— PROBLEM STATEMENT —
Extract from the entries below, exactly as given, only the lines from the line containing "used 2024 Honda Pilot car, priced at $37,830" to the line containing "Used 2023 Chevrolet Traverse LT image 12", both lines included.

— EXTRACTED MATERIAL —
┄┄┄┄┄┄

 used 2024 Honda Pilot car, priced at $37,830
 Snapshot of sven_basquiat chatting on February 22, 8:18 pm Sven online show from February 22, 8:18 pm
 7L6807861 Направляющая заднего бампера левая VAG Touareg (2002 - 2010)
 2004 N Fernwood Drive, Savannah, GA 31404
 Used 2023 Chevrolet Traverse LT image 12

┄┄┄┄┄┄

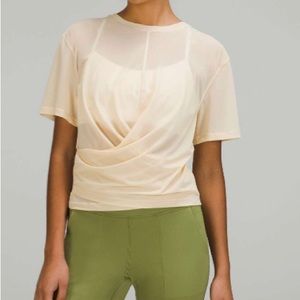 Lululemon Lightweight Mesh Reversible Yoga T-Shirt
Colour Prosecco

┄┄┄┄┄┄

— RESPONSE TO THE TASK —
 used 2024 Honda Pilot car, priced at $37,830
 Snapshot of sven_basquiat chatting on February 22, 8:18 pm Sven online show from February 22, 8:18 pm
 7L6807861 Направляющая заднего бампера левая VAG Touareg (2002 - 2010)
 2004 N Fernwood Drive, Savannah, GA 31404
 Used 2023 Chevrolet Traverse LT image 12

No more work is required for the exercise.